* Exercise
Give the data below again exactly as written, without its pictures.

== Information supplied

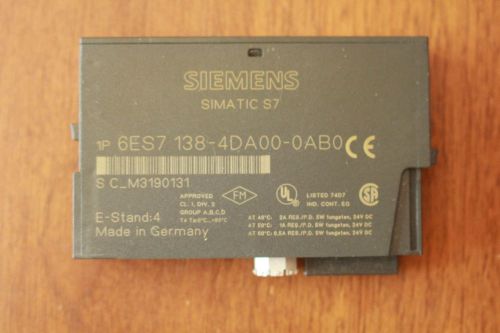 Siemens 6ES7-138-4DA04+0AB0 Counter Module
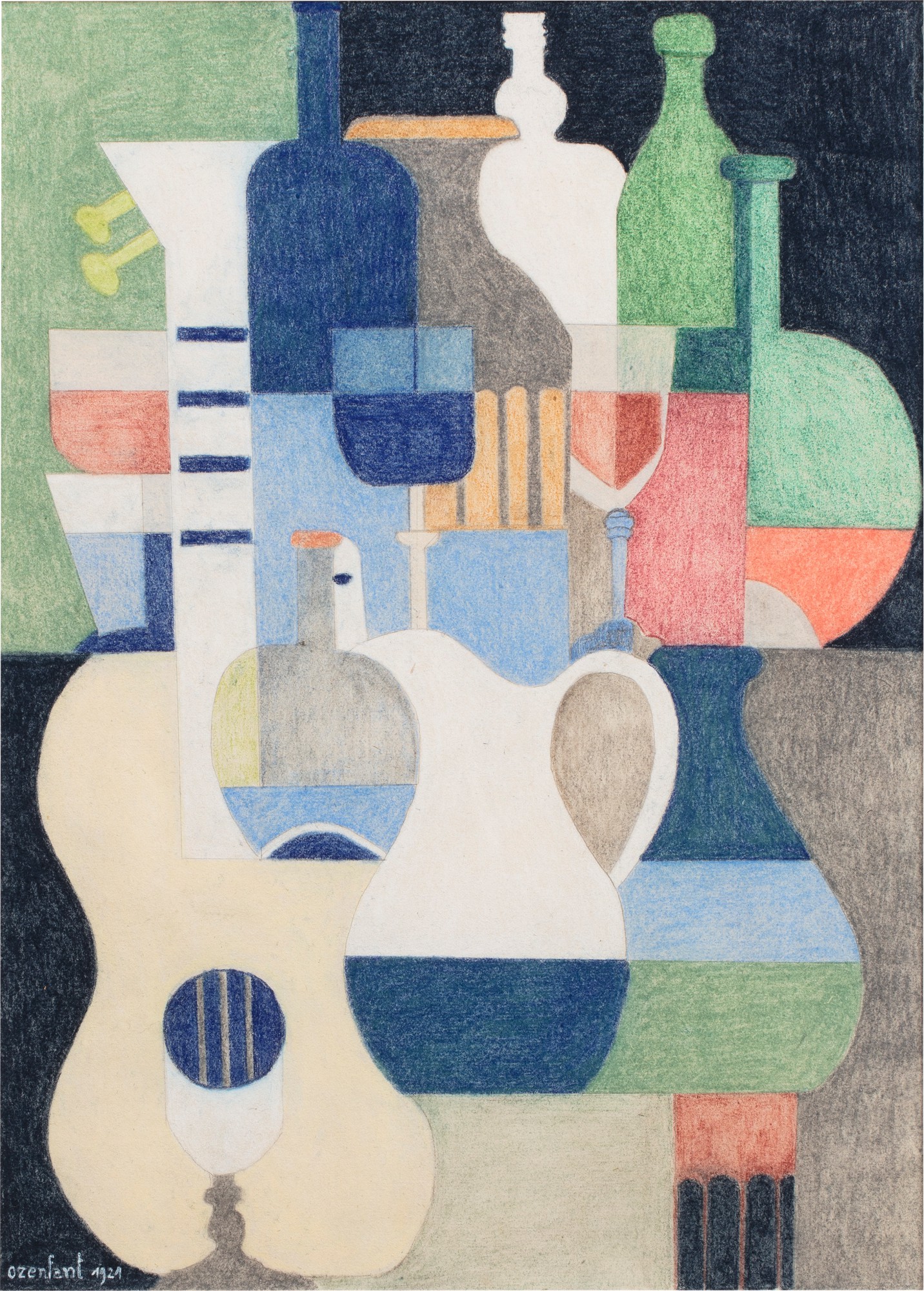 Amédée Ozenfant — Nature morte à la pichet et à la guitare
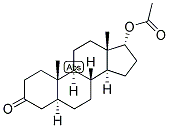 5-ALPHA-ANDROSTAN-17-ALPHA-OL-3-ONE ACETATE Struktur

====

* Response area
 Siemens 6ES7-138-4DA04+0AB0 Counter Module
 Amédée Ozenfant — Nature morte à la pichet et à la guitare
 5-ALPHA-ANDROSTAN-17-ALPHA-OL-3-ONE ACETATE Struktur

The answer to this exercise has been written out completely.